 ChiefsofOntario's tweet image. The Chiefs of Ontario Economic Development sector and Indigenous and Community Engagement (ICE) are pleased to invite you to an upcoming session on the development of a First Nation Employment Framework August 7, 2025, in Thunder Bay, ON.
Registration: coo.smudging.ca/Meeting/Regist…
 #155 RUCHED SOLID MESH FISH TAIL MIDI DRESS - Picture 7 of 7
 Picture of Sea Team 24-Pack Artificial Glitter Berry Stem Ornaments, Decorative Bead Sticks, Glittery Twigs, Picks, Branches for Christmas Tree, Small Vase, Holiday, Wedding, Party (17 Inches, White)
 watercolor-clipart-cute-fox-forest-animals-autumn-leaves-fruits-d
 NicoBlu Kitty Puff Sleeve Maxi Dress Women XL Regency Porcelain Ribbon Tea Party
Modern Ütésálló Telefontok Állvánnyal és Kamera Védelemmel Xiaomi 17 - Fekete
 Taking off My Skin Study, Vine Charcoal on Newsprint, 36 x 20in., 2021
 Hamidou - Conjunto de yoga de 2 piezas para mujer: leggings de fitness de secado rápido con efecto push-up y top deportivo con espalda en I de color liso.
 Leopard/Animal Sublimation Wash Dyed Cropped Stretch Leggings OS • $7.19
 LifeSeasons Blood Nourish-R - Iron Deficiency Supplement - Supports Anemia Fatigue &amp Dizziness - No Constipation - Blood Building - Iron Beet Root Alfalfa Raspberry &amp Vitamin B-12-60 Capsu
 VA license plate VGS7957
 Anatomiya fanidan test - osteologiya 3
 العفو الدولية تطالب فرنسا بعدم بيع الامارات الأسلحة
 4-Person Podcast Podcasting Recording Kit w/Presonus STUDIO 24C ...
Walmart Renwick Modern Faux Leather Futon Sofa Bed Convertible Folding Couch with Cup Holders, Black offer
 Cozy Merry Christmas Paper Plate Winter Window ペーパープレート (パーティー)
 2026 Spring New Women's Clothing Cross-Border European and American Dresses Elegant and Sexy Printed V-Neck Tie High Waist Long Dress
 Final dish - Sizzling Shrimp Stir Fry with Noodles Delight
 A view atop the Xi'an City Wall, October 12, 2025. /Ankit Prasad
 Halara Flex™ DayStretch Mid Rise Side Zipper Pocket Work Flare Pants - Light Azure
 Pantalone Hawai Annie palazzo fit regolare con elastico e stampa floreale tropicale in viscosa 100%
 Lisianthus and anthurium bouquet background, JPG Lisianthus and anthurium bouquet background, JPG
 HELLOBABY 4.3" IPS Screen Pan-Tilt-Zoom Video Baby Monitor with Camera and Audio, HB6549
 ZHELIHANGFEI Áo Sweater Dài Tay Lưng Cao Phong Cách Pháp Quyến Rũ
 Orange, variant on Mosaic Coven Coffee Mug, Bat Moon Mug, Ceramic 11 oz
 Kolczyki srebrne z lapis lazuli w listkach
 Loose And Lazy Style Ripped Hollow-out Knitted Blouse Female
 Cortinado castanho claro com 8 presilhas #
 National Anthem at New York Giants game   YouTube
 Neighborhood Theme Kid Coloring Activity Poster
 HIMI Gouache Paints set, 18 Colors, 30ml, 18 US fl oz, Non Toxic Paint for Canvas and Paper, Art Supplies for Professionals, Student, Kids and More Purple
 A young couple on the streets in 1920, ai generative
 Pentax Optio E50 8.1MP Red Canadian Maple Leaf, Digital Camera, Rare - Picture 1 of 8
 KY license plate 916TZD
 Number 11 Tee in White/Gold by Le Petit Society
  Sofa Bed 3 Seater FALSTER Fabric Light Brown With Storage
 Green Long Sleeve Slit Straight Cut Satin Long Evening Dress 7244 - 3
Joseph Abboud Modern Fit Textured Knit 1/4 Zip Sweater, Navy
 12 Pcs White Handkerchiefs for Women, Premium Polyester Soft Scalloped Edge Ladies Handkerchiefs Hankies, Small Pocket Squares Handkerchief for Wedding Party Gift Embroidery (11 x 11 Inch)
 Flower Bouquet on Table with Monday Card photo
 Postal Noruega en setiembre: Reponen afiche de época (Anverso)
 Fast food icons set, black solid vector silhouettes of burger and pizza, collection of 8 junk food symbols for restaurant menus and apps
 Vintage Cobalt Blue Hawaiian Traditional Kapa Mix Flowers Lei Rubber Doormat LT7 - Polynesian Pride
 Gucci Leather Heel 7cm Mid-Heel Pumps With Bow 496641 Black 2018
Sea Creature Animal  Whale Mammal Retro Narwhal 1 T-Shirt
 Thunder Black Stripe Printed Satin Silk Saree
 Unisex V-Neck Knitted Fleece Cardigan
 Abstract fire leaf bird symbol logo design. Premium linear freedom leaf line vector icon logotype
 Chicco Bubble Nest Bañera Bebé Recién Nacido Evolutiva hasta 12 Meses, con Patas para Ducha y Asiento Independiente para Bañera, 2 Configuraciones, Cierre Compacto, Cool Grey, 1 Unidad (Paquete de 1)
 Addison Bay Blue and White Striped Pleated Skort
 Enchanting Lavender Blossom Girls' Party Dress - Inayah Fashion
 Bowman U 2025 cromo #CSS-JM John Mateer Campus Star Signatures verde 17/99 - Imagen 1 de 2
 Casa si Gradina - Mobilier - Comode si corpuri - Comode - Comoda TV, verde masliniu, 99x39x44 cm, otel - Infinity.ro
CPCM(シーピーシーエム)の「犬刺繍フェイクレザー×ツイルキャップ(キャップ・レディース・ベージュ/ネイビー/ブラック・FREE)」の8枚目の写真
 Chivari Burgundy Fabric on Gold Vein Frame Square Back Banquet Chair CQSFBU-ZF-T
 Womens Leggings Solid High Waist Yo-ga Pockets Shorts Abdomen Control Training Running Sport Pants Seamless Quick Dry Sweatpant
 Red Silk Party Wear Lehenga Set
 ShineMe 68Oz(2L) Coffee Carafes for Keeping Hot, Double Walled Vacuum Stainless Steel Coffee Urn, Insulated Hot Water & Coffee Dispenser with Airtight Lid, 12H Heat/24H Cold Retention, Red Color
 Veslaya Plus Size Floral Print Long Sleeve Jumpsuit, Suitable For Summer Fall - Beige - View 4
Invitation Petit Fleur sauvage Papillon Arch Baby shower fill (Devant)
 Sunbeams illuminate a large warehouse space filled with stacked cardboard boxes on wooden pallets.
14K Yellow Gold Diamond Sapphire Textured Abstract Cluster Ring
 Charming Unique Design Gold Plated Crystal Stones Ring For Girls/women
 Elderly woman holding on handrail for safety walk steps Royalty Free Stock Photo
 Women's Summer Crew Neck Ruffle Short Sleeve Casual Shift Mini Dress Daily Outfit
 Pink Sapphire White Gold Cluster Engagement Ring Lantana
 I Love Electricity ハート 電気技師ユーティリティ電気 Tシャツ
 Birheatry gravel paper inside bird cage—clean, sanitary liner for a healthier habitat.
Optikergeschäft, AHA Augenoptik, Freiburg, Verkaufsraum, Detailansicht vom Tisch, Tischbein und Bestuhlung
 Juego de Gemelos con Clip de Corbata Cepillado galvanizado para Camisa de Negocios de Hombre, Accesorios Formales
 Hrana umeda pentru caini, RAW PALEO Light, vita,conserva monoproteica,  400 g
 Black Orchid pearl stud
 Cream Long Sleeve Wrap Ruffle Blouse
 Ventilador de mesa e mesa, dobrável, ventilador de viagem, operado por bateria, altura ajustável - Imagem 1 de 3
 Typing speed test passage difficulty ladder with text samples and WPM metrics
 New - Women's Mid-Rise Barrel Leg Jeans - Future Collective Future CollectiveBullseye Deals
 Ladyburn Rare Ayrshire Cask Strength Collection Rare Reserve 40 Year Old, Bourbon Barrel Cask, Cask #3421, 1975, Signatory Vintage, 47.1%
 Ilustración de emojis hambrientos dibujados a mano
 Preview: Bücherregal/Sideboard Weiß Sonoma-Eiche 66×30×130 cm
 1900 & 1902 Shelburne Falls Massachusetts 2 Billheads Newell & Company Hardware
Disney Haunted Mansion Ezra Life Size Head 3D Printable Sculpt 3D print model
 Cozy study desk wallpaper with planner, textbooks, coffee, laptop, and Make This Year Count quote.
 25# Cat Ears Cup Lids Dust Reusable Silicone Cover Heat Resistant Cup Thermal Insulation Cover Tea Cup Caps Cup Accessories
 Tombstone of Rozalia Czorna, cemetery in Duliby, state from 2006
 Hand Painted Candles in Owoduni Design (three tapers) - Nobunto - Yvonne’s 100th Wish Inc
────────────────────
Only the lines above from the line with "Gucci Leather Heel" to the line with "Casa si Gradina", those two lines included, should be reproduced exactly.

 Gucci Leather Heel 7cm Mid-Heel Pumps With Bow 496641 Black 2018
Sea Creature Animal  Whale Mammal Retro Narwhal 1 T-Shirt
 Thunder Black Stripe Printed Satin Silk Saree
 Unisex V-Neck Knitted Fleece Cardigan
 Abstract fire leaf bird symbol logo design. Premium linear freedom leaf line vector icon logotype
 Chicco Bubble Nest Bañera Bebé Recién Nacido Evolutiva hasta 12 Meses, con Patas para Ducha y Asiento Independiente para Bañera, 2 Configuraciones, Cierre Compacto, Cool Grey, 1 Unidad (Paquete de 1)
 Addison Bay Blue and White Striped Pleated Skort
 Enchanting Lavender Blossom Girls' Party Dress - Inayah Fashion
 Bowman U 2025 cromo #CSS-JM John Mateer Campus Star Signatures verde 17/99 - Imagen 1 de 2
 Casa si Gradina - Mobilier - Comode si corpuri - Comode - Comoda TV, verde masliniu, 99x39x44 cm, otel - Infinity.ro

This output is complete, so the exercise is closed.